The Athenian Jury Courts

 

    A convenient interval has elapsed since one of these preliminary hearings. To-day has been set for the actual trial before a member of the archons in the "Green" court. Ariston, a wealthy olive farmer, is suing Lamachus, an exporter of the Peir├Žus, for failing to account for the proceeds of a cargo of olives lately shipped to Naxos. To follow the trial in its entirety we should have been at the courthouse at first dawn. Then we would have seen the jurymen come grumbling in, some from the suburbs, attended by link boys. These jurors represent a large fraction of the whole Athenian people. There are about six thousand in all. Pretty nearly every citizen above thirty years of age can give in his name as desiring jury duty; but naturally it is the elderly and the indolent who must prefer the service.

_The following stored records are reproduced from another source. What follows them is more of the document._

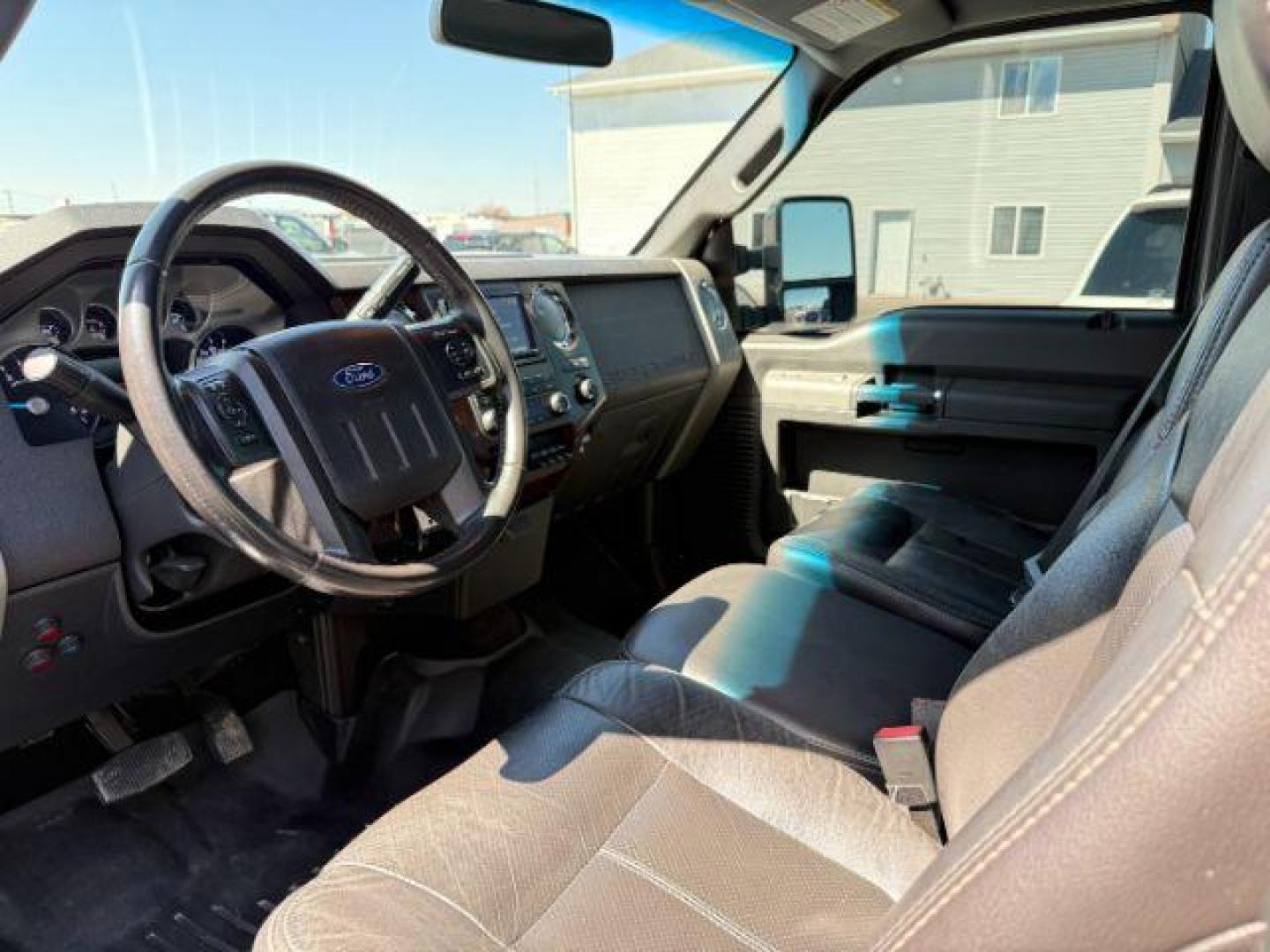 2012 Sterling Gray /Black FORD F350 LARIAT (1FT8X3BT8CE) with an Powerstroke 6.7L V-8 diesel direct injection engine, AUTOMATIC transmission, located at 1235 N Woodruff Ave., Idaho Falls, 83401, (208) 523-1053, 43.507172, -112.000488 - At Timberline Auto, finding a great deal on your next vehicle is always easy! Our experienced sales staff's goal is to help find you the right vehicle at the right price! Our knowledgeable finance department has options for almost any credit score. We offer extended service contract options to prote - Photo#10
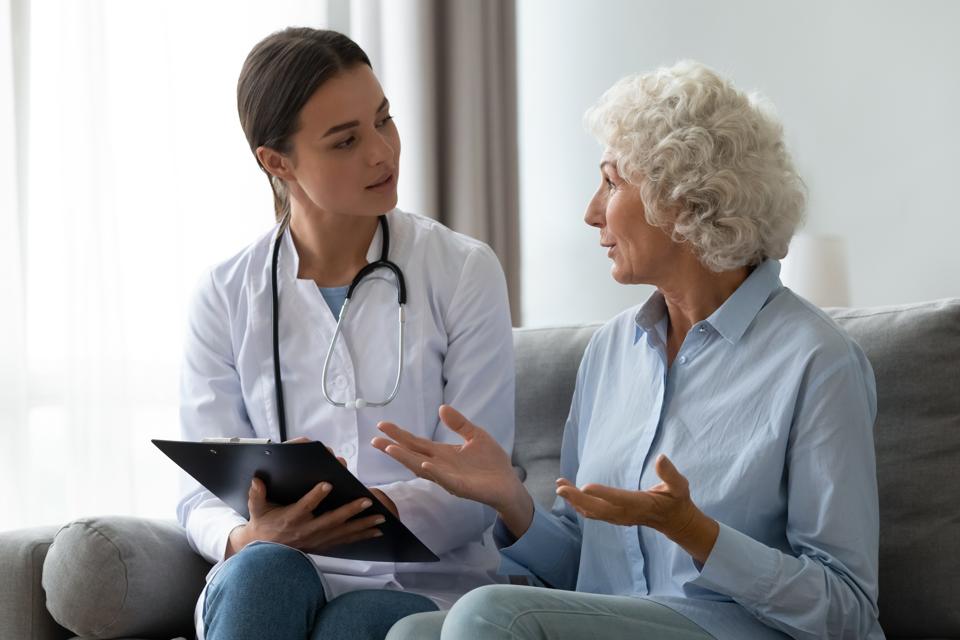 Senior woman telling about health complaints to young nurse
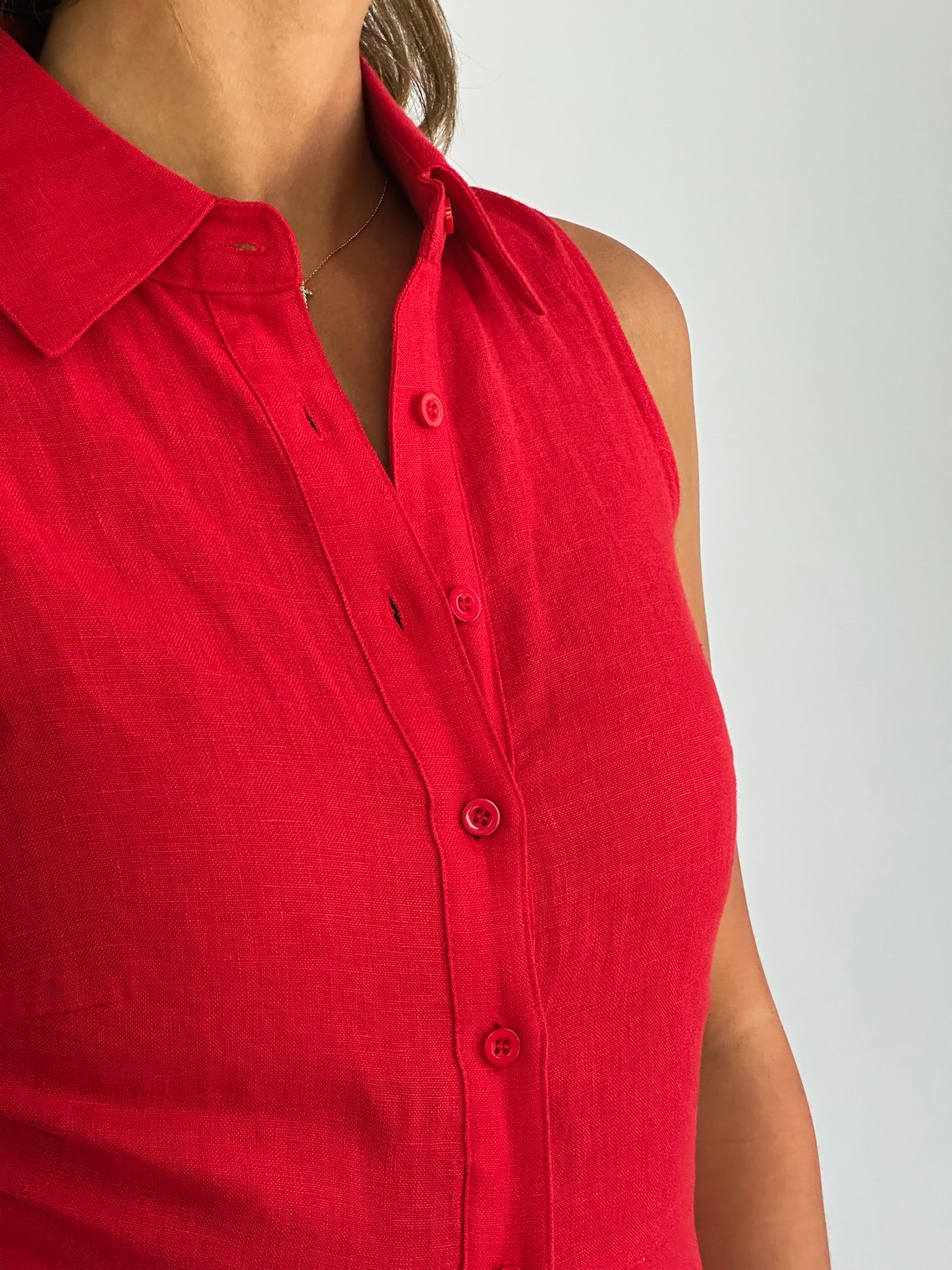 A person wearing a sleeveless, button-up red shirt with a collar. The fabric appears soft and the overall tone is vibrant and casual.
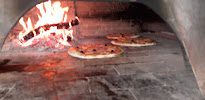 Plats et boissons du Pizzas à emporter Pizza au feu de bois GUIDO à Nîmes - n°11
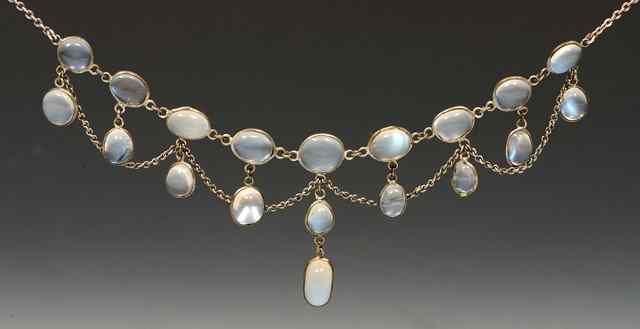 Appraisal: A SILVER AND MOONSTONE NECKLACE with moonstone droplets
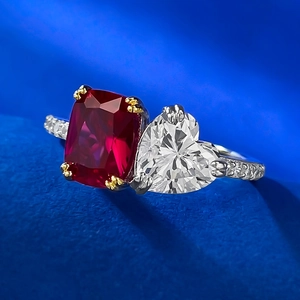 Macro shot of a Toi et Moi ring featuring a red cushion gemstone and heart-shaped diamond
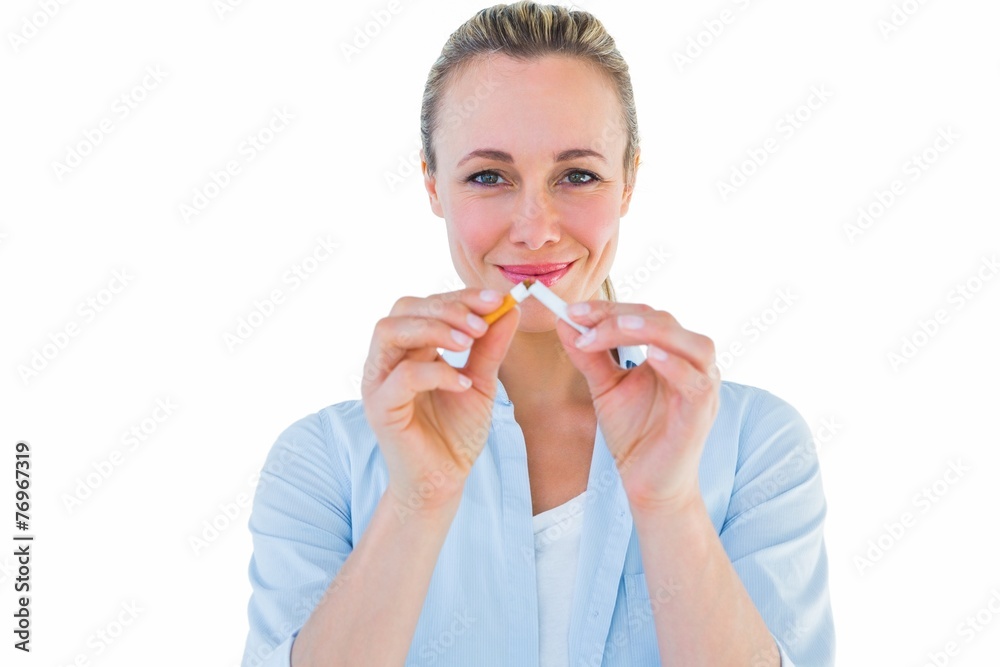Smiling blonde standing and breaking cigarette Smiling blonde standing and breaking cigarette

One thousand of the six act as mere substitutes; the rest serve as often as the working of a complicated system of drawing by lot assigns them to sit as jurors on a particular case. It is well there are five thousand always thus available, for Athenian juries are very large; 201, 401, 501, 1001 are numbers heard of, and sometimes even greater.[4] The more important the case, the larger the jury; but "Ariston v. Lamachus" is only a commonplace affair; 401 jurors are quite enough. Even with that "small court," the audience which the pleaders now have to address will seem huge to any latter-day lawyer who is accustomed to his "twelve men in a box"; and needless to say, quite different methods must be used in dealing with such a company.

    Each "dicast" (to use the proper name) has a boxwood tablet to show at the entrance as his voucher to the Scythian police-archers on duty; he has also a special staff of the color of the paint on the door of the court room.[5] The chamber itself is not especially elegant; a long line of hard benches rising in tiers for the dicasts, and facing these a kind of pulpit for the presiding magistrates, with a little platform for orators, a small alter for the preliminary sacrifice, and a few stools for attendants and witnesses complete the simple furnishings. There are open spaces for spectators, though no seats; but there will be no lack of an audience today, for the rumor has gone around, "Hypereides has written Ariston's argument." The chance to hear a speech prepared by that famous oration-monger is enough to bring every dicast out early, and to summon a swarm of loiterers up from the not distant Agora.